I'm into total overkill I use #10 stranded for the buss and #18 stranded for the drops and #14 solid for the accessory power and several groups of 25 pair phone wire for the Tortoise switch machines and track side and control board lighting.
Don't do the #10, I have 4 500 foot rolls of it left over from my commercial electrical days so I use that, #14 will work just fine!


----------



## gunrunnerjohn (Nov 10, 2010)

#10 wire is a PITA to work with, I also recommend against it.


----------



## NIMT (Jan 6, 2011)

Yea but I can be assured that I can pump enough amps into it to be able to power anything I want!
No I'm not on a power trip!


----------



## gunrunnerjohn (Nov 10, 2010)

You can weld the rails together and never even get the wire warm.


----------



## OverTheHill (Mar 27, 2011)

Do you see a problem using 24 guauge for the power buss and 22 for the feeders?

Tom


----------



## gunrunnerjohn (Nov 10, 2010)

24 ga is very fine wire, that's not suitable for the power buss!
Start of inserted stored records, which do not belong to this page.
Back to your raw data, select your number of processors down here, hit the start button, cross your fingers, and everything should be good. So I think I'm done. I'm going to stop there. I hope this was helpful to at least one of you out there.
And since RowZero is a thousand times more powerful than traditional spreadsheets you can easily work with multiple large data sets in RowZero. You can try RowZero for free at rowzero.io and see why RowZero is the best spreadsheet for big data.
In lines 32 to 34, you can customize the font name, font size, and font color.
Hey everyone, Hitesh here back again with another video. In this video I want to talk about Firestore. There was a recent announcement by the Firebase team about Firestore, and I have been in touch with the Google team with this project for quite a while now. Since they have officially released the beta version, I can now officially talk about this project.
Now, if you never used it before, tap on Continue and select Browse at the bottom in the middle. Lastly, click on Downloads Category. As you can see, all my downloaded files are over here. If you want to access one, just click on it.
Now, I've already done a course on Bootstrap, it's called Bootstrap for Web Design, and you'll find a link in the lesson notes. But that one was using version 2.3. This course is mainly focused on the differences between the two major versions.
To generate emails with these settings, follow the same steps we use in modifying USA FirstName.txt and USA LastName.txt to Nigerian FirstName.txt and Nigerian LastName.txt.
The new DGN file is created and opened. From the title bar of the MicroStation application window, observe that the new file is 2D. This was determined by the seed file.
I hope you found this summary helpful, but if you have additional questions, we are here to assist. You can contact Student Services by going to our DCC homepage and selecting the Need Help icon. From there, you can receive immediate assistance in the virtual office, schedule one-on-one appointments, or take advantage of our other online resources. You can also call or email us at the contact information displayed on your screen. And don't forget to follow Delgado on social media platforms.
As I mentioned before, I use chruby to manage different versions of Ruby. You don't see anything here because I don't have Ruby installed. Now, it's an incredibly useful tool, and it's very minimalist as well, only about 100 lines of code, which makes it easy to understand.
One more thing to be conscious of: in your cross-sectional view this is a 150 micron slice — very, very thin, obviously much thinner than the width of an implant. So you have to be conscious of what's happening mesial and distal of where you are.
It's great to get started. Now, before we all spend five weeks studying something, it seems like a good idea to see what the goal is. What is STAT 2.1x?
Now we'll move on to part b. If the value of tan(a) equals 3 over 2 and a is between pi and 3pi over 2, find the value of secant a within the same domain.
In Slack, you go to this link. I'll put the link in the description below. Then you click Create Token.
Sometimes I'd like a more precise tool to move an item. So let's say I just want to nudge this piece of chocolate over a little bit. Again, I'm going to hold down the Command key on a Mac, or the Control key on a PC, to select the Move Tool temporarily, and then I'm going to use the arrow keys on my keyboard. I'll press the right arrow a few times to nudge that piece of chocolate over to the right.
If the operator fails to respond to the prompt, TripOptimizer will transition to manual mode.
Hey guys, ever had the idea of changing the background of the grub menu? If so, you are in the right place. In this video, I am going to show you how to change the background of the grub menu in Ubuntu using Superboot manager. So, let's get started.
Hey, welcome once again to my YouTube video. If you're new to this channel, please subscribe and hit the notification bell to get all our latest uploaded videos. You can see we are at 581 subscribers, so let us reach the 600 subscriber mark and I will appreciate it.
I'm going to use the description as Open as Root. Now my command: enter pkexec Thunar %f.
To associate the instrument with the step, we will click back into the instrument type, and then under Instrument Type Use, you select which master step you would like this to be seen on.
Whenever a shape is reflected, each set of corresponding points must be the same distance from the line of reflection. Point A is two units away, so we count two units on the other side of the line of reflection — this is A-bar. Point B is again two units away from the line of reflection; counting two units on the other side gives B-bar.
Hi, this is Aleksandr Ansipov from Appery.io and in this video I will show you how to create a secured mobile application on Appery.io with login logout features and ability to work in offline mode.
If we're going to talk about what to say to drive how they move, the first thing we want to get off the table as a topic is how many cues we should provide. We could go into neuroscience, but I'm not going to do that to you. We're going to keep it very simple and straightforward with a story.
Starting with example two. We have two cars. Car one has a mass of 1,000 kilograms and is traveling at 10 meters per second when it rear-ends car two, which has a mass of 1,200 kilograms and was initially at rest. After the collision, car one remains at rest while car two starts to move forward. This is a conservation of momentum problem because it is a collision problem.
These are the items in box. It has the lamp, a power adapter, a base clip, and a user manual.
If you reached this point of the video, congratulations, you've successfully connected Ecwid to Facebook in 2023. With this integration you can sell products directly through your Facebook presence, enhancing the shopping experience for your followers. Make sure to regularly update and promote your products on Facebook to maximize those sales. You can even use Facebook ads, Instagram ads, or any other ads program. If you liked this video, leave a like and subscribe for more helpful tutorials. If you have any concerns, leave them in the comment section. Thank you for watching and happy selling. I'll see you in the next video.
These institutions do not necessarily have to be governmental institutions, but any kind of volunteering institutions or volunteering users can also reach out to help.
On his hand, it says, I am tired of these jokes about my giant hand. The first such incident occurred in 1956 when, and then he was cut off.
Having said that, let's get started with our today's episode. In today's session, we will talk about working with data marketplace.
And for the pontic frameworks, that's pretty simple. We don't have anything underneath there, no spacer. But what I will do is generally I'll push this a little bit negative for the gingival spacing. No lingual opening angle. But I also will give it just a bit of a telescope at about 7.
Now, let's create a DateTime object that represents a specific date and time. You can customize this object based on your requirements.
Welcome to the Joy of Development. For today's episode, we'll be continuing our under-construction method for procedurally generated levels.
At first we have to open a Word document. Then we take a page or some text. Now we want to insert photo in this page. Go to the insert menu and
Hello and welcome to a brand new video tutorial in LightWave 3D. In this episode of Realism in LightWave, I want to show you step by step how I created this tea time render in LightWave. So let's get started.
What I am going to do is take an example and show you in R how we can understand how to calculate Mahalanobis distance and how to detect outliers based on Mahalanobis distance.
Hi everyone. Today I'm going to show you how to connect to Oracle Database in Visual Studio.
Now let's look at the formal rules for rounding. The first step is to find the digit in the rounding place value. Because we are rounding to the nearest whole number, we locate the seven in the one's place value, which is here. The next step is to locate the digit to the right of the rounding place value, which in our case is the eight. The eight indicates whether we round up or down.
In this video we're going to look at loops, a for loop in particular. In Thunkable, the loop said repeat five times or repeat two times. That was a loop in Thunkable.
I'd be looking at #18 minimum, and probably #14 or #16. As far as the feeders, #22 is OK for HO.


----------



## OverTheHill (Mar 27, 2011)

Found #14 in 50 foot reels, so that problem is solved. Do you happen to know if tap in squeeze connectors are made for 14-22?

Thanks
Tom


----------



## gunrunnerjohn (Nov 10, 2010)

Off-hand, I don't know, best to do a search and see what you find.


----------



## sstlaure (Oct 12, 2010)

14-20 is what I found, I don't think 22 will hold in them....got them at both Home Depot and Lowe's. (Price was about the same)


----------



## Tech50 (Nov 30, 2011)

*Good stuff.*

Thanks everyone..great info! 

Reading as I wait for time to get off work, I'm glad I found these forums


----------